The landing trip has a rectangular shape. We mark with a dot (.)an empty spot, with a V the velociraptors and with a # the spots with obstacles on them (you cannot land on them).
It takes a second to the velociraptors to go to another spot, but they can only move horizontally and vertically.
You are asked to mark with an X those spots in which, landing on them, you would maximize your remaining lifetime.

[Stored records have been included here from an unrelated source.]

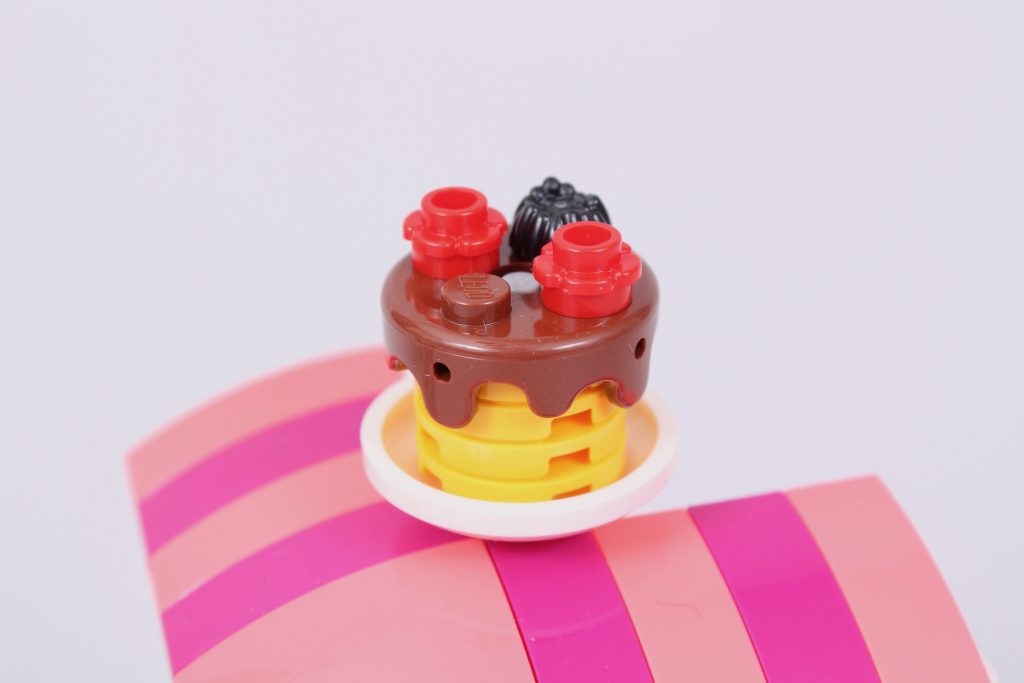 LEGO Friends 41753 Pancake Shop review 3 1024x683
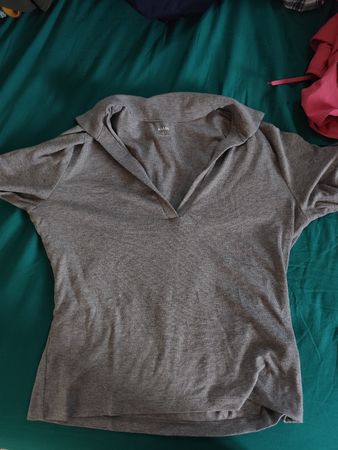 polo gris 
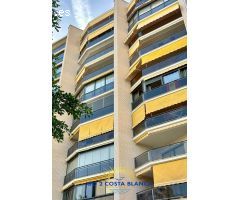Apartamento en Venta en Villajoyosa, Alicante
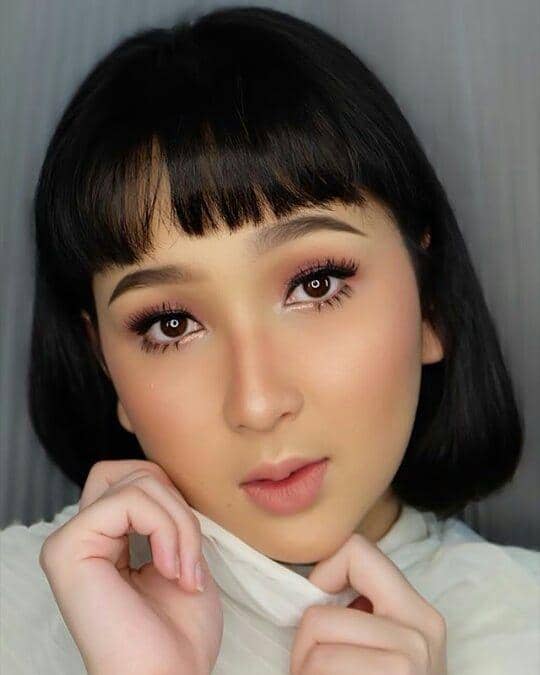 instagram.com/elizabeth_agathapricilla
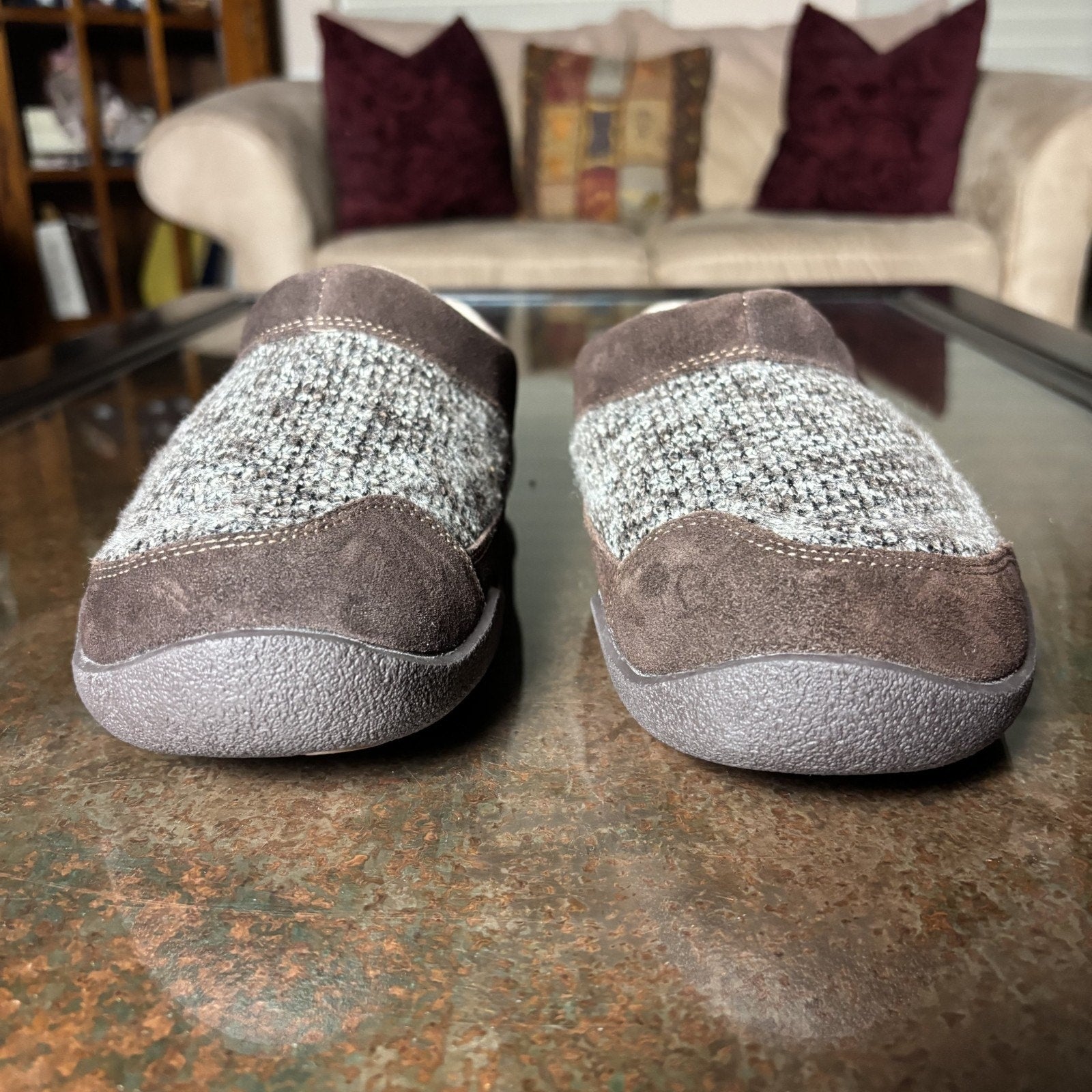 Kuru Draft Slippers Men's Size 9.5 Brown Grey Knit Comfort Walking Mule Slip-ON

I have done an algorithm in which I take every position of the velociraptors and make a BFS on every position, but I'm getting TLE, here is my code:
http://ideone.com/a6BVv3
#include <algorithm>
#include <cstdio>
#include <cstring>
#include <queue>
#include <utility>
using namespace std;
int cost[501][501],xx,yy,n,m;
char mat[501][501];
bool visit[501][501],first = true;
int a[] = {-1,0,0,1}, b[] = {0,-1,1,0};
void check(int x,int y,int level) {
cost[x][y] = level;
for(int i = 0; i < 4; ++i) {
xx = x + a[i];
yy = y + b[i];
if(0 <= xx and xx < n and 0 <= yy and yy < m and mat[xx][yy] == '.') {
if(!visit[xx][yy] or level + 1 < cost[xx][yy]) {
visit[xx][yy] = true;
check(xx,yy,level + 1);
}
}
}
}
int max() {
int r = -1;
for(int i = 0; i < n; ++i) for(int j = 0; j < m; ++j) if(mat[i][j] == '.') r = max(r,cost[i][j]);
return r;
}
void show() {
if(!first) puts("---");
int r = max();
for(int i = 0; i < n; ++i) {
for(int j = 0; j < m; ++j) {
if(cost[i][j] == r) printf("X");
else printf("%c",mat[i][j]);
}
puts("");
}
}
int main() {
while(scanf("%d %d",&n,&m) == 2) {
queue<pair<int,int> > cola;
for(int i = 0; i < n; ++i) {
scanf("\n");
for(int j = 0; j < m; ++j) {
scanf("%c",&mat[i][j]);
if(mat[i][j] == 'V') cola.push(make_pair(i,j));
}
}
memset(cost,-1,sizeof cost);
memset(visit,0,sizeof visit);
while(!cola.empty()) {
pair<int,int> aux = cola.front();
visit[aux.first][aux.second] = true;
check(aux.first, aux.second,0);
cola.pop();
}
show();
first = false;
}
return 0;
}
Does anyone know how could I improve my algorithm?
EDIT
Ok, I was able to solve the problem, here is the code if anyone is interested:
#include <algorithm>
#include <cstdio>
#include <cstring>
#include <queue>
#include <utility>
using namespace std;
int cost[501][501],n,m;
char mat[501][501];
bool visit[501][501],first = true;
queue<pair<int,int> > cola;
int a[] = {-1,0,0,1}, b[] = {0,-1,1,0};
int max() {
int r = -1;
for(int i = 0; i < n; ++i) for(int j = 0; j < m; ++j) if(mat[i][j] == '.') r = max(r,cost[i][j]);
return r;
}
void show() {
if(!first) puts("---");
int r = max();
for(int i = 0; i < n; ++i) {
for(int j = 0; j < m; ++j) {
if(cost[i][j] == r) printf("X");
else printf("%c",mat[i][j]);
}
puts("");
}
}
int main() {
int cont = 0,x,y,xx,yy,level;
while(scanf("%d %d",&n,&m) == 2) {
for(int i = 0; i < n; ++i) {
scanf("\n");
for(int j = 0; j < m; ++j) {
scanf("%c",&mat[i][j]);
if(mat[i][j] == 'V') cola.push(make_pair(i,j));
}
}
memset(cost,-1,sizeof cost);
memset(visit,0,sizeof visit);
while(!cola.empty()) {
int s_cola = cola.size();
for(int i = 0; i < s_cola; ++i) {
x = cola.front().first, y = cola.front().second;
cola.pop();
level = cost[x][y];
for(int i = 0; i < 4; ++i) {
xx = x + a[i], yy = y + b[i];
if(0 <= xx and xx < n and 0 <= yy and yy < m and mat[xx][yy] == '.') {
if(!visit[xx][yy] or level + 1 < cost[xx][yy]) {
visit[xx][yy] = true;
cost[xx][yy] = level + 1;
cola.push(make_pair(xx,yy));
}
}
}
}
}
show();
first = false;
}
return 0;
}
You're doing a depth-first search of the whole graph in check(). Integrate that with the loop in main() instead of trying to find shortest paths depth-first.